◆ Task objective
Search the data for the word "Road" and copy each line that has it.
** Records for the exercise follows **
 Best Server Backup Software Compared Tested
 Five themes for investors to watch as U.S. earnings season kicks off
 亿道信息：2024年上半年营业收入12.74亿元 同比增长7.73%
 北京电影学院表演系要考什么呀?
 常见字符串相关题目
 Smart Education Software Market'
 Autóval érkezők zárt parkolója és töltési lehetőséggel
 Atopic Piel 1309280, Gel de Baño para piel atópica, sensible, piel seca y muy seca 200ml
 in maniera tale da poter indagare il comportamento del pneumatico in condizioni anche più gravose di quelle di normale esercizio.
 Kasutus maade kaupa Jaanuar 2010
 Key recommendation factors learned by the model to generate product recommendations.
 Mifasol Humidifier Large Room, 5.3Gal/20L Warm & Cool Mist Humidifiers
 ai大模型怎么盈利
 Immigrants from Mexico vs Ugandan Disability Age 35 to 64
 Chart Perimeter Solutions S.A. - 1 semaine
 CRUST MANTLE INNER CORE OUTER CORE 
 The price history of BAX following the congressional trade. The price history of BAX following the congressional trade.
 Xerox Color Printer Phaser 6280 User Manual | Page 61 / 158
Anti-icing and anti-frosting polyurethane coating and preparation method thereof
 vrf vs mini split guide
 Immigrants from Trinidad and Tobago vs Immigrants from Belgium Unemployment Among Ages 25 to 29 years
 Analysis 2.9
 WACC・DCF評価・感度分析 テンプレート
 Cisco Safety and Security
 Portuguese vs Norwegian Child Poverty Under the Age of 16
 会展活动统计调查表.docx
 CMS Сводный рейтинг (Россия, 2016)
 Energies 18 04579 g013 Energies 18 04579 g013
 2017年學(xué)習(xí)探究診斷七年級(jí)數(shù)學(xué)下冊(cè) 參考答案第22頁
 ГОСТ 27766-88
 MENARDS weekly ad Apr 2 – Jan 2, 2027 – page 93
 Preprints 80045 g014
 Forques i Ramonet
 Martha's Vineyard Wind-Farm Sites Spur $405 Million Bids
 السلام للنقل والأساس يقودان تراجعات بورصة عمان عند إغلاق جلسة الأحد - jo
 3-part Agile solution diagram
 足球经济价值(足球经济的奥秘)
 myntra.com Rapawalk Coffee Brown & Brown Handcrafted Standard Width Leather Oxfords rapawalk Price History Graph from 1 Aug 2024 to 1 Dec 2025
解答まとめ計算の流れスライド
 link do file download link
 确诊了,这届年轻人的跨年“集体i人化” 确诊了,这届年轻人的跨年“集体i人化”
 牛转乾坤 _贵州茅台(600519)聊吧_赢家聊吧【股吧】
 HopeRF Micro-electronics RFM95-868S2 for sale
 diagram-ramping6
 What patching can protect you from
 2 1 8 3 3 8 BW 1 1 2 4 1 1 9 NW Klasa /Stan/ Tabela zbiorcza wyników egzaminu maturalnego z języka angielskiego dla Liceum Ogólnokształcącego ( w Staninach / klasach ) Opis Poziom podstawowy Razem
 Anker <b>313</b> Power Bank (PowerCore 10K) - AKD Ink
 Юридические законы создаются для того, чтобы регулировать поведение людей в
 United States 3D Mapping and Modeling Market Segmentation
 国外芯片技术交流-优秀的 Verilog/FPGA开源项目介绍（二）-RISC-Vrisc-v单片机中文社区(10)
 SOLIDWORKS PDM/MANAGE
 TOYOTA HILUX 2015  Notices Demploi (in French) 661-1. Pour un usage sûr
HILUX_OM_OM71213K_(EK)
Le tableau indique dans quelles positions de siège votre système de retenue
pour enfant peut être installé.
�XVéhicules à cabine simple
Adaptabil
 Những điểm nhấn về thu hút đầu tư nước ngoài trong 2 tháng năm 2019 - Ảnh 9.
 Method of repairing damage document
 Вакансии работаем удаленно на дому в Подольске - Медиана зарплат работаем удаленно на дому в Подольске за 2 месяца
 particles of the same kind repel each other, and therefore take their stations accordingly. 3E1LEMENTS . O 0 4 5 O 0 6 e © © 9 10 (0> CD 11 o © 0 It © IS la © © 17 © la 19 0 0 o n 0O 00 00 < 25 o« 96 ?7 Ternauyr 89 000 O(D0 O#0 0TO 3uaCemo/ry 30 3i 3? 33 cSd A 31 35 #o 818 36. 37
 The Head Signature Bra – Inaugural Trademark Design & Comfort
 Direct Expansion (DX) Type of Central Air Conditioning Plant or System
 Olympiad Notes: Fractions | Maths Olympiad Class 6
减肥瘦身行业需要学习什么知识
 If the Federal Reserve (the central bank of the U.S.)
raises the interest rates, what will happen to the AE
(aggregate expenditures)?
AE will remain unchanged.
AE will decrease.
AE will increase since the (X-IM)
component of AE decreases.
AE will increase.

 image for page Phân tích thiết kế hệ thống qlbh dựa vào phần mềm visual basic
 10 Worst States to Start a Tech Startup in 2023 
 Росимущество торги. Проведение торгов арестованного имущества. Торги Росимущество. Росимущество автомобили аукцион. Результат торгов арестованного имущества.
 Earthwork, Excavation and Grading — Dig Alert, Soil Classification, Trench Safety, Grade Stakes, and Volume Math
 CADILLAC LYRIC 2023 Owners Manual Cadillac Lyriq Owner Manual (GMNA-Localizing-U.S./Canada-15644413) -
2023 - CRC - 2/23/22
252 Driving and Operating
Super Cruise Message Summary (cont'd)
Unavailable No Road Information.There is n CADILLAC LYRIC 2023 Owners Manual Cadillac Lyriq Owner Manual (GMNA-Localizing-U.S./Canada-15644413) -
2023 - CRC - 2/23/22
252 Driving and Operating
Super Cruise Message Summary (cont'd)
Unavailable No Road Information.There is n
** End of Records for the exercise **
◆ Answer section
Unavailable No Road Information.There is n CADILLAC LYRIC 2023 Owners Manual Cadillac Lyriq Owner Manual (GMNA-Localizing-U.S./Canada-15644413) -
Unavailable No Road Information.There is n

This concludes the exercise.